Lui le sorrise. Sembrava così stanco. «Quasi credo che ce la farai, Min. Forse non sono io quello attorno a cui si piega il Disegno, ma tu.» Si voltò, poi bussò a una porta nel corridoio.
Quella si socchiuse e Merise fece capolino. Squadrò Rand dall’alto in basso. «Pare che tu riesca a malapena a stare in piedi, al’Thor.»
«Proprio così» replicò lui. «Cadsuane Sedai è qui?»
«Ha fatto come hai chiesto» ribatté Merise. «E potrei dire che è stata molto accomodante, considerando come...»
«Fallo entrare, Merise» disse la voce di Cadsuane dall’interno.
Merise esitò, poi scoccò a Rand un’occhiataccia mentre apriva del tutto la porta. Cadsuane sedeva su una sedia, parlando con un uomo più anziano i cui lunghi capelli grigi gli cadevano sciolti sulle spalle. Aveva un grosso naso aquilino e abiti regali.
Rand si fece da parte.
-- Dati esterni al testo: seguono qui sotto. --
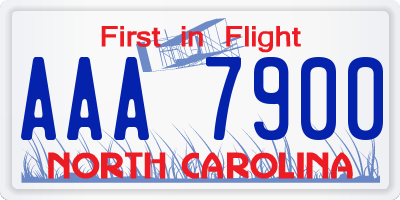 NC license plate AAA7900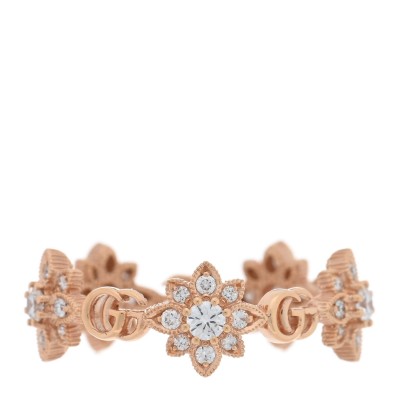 18K Rose Gold Diamond Flora Band Ring 53 6.5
Dietro di lui, qualcuno annaspò. Rodel Ituralde raggiunse la porta con aria sbalordita mentre l’uomo nella stanza si girava. Aveva occhi cordiali e pelle ramata.
«Mio sovrano» urlò Ituralde affrettandosi avanti per poi mettersi su un ginocchio. «Sei vivo!»
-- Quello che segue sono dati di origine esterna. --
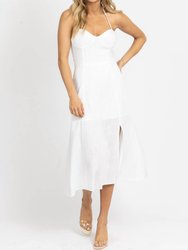 Bustier Halter Linen Midi Dress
Min avvertì un soverchiante senso di felicità da Rand. Pareva che Ituralde stesse piangendo. Rand fece un passo indietro. «Venite, andiamo nelle mie stanze e riposiamoci.»
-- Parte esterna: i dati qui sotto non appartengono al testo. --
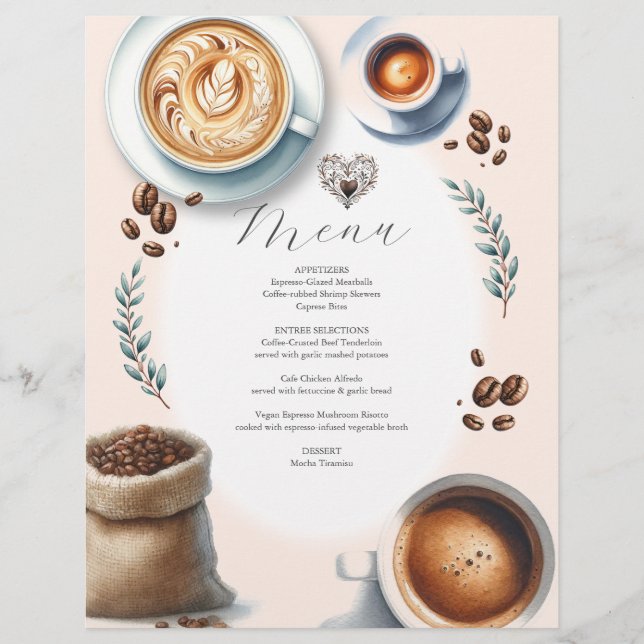 Boda Menus El amor es preparar presupuesto (Frente)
«Il Re dell’Arad Doman. Dove l’ha trovato lei?» disse Min. «Come lo sapevi?»
«Una mia amica mi ha lasciato un segreto» disse Rand. «La Torre Bianca aveva ghermito Mattin Stepaneos per 'proteggerlo’. Be’, da lì non c’era poi voluto molto a immaginare che avessero potuto far questo con altri monarchi. E se avevano mandato Sorelle nell’Arad Doman per catturarlo mesi fa, prima che chiunque sapesse dei passaggi, potrebbero essere state intrappolate nelle nevi sul loro viaggio di ritorno.» Parve così sollevato. «Non era mai stato in balìa di Graendal. Non l’ho ucciso, Min. Un innocente che presumevo di aver ucciso vive ancora. Questo è qualcosa. Un piccolo qualcosa, ma è d’aiuto.»
Min lo aiutò a camminare fino alle sue stanze, contenta — per il momento — di condividere il senso di gioia e di sollievo di Rand.